Welcome to another East Coast Fencing blog post! Today, we'll delve into the wonderful world of wildlife ponds and show you how to turn your garden into a haven for nature. We will walk you through the process of creating your very own pond while maintaining that quintessential British charm.

Having a wildlife pond in your garden is an excellent way to attract all sorts of creatures. It provides a sanctuary for native frogs, newts, dragonflies, and various species of birds. Plus, the combination of water, natural foliage, and wildlife creates a calming environment that you can enjoy for years to come.

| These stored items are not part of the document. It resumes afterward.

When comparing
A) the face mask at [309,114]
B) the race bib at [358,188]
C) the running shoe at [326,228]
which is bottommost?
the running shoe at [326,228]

Why Build a Wildlife Pond?

Aside from adding aesthetic value to your garden, wildlife ponds offer benefits such as:

  • Improved biodiversity
  • Natural pest control
  • An opportunity to observe and learn about wildlife
  • Providing a source of drinking water for birds

Planning Your Wildlife Pond

Before you pick up your tools, consider these factors when planning your pond:

  • Size: The size of your pond can vary depending on your garden space and the species you want to attract. An average pond size can range from 1.5 square meters up to ones covering larger areas.
  • Location: Position your pond in a spot that receives sunlight but also has some shade. The ideal location receives sun during the day and has one side shaded by tall plants or shrubs.
  • Water depth: A variety of water depths will cater to different wildlife. Shallow areas will attract insects, whereas deeper areas will provide heartier living spaces for amphibians and fish.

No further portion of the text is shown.